When Dads Get Mad

Disgruntled over alleged discrimination in divorce court, Florida dads

have formed a network to air grievances -- and to even the odds

By Bob Whitby

Sherri Cohen Fuming fathers: Members of Florida Dads Against

Discrimination are out to change the rules


Between forkfuls of homemade cheesecake and sips of coffee served on the

Sunday china, the seven men gathered around the dining room table of

Bill Bettelli's Davie home tell their divorce horror stories. Nothing

unusual about that -- thousands of men in Broward County could rattle

off something similar.

What's different about these guys is they're doing something besides

crying in their coffee cups. They're out to change a system they believe

is inherently biased against dads. And they're off to a strong start.

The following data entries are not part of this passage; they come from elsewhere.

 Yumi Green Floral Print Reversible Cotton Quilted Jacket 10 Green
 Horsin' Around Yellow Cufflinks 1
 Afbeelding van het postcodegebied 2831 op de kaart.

But first, a few obligatory sob stories.

There's Kevin Cunningham, a physical therapist, who got divorced from

his wife after six years of marriage. Cunningham wanted to split custody

fifty-fifty. "I wanted as much time with my kids as possible," he says.

He was blown away when a court-appointed mediator told him he'd be lucky

to get them on weekends. Cunningham used to take his kids to school in

the morning, but not anymore. "How is a judge going to tell me, a

willing and able father, I can't take my own kids to school?"

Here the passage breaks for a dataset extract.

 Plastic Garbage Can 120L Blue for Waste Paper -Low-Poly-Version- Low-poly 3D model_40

And there's Pete Barski, a pharmacy student at Nova Southeastern

University and the divorced father of a four-year-old boy. He'll

graduate this month, and odds are good he'll land a job quickly. But

he's afraid his ex may leave the state and take his son with her.

Then there's Bob Schlafke, a 53-year-old former policeman who was

financially ruined after his divorce five years ago. After child

support, alimony, and a chunk of his pension are taken from his

paycheck, he is left with about 20 percent of his salary to live on.

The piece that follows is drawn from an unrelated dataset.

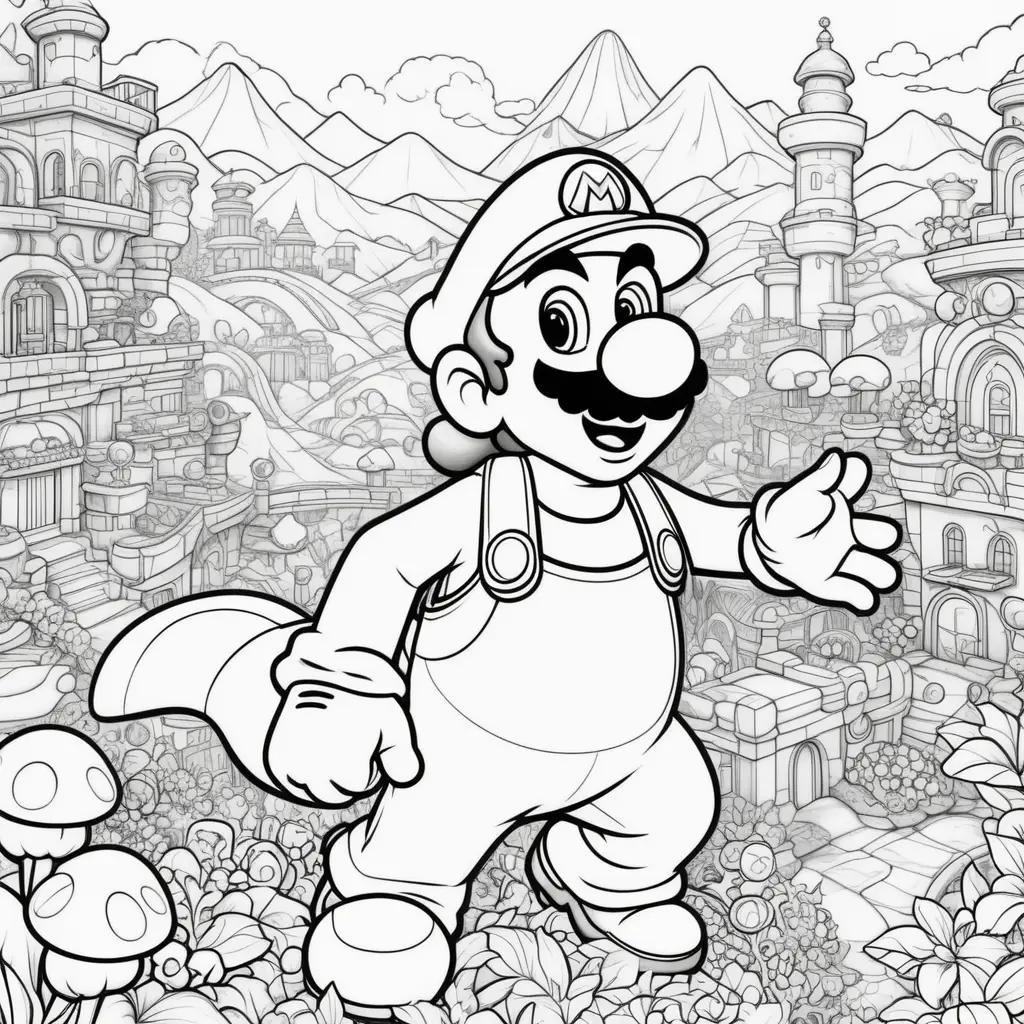 Black and white coloring pages of Mario and his friends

What they have in common, besides a palpable disgust with the Florida

family-court system and a deep mistrust of the institution of marriage,

is the sense that fathers just don't get a fair shake in society. Too

often, they say, mothers are automatically awarded custody of children

in divorce cases whether they deserve it or not, and fathers are shut

out of their kids lives by a biased legal system.

Which is why they've coalesced around Ira Teller, age 51, and the group

he started seven months ago, Florida Dads Against Discrimination.

Teller is tall, thin, with straight black hair and the impish grin of

someone sure he's right. He was divorced in 1989. He won't say what he

does for a living. "This isn't about me. This is about this group, this

system," he says.

When it comes to what he perceives as fathers being screwed by the

family courts, he's pretty talkative. Bombastic even. "My position is

that, the way the divorce laws are written, it really doesn't protect

fathers at all. They pretty much pander to the custodial mothers. The

Broward County Courthouse has become a playground for rich lawyers. They

have completely lost sight of the children, and the fathers are

discriminated against."

Teller's crusade began in October 1994, when he discovered a copy of his

divorce decree in his daughter's file at Tamarac Elementary. His marital

status was none of the school's business, he reasoned, and it had

nothing to do with his daughter's academic performance. Florida statutes

seemed to agree, and after a fusillade of letters, he finally succeeded

in getting the offending document removed seven months later.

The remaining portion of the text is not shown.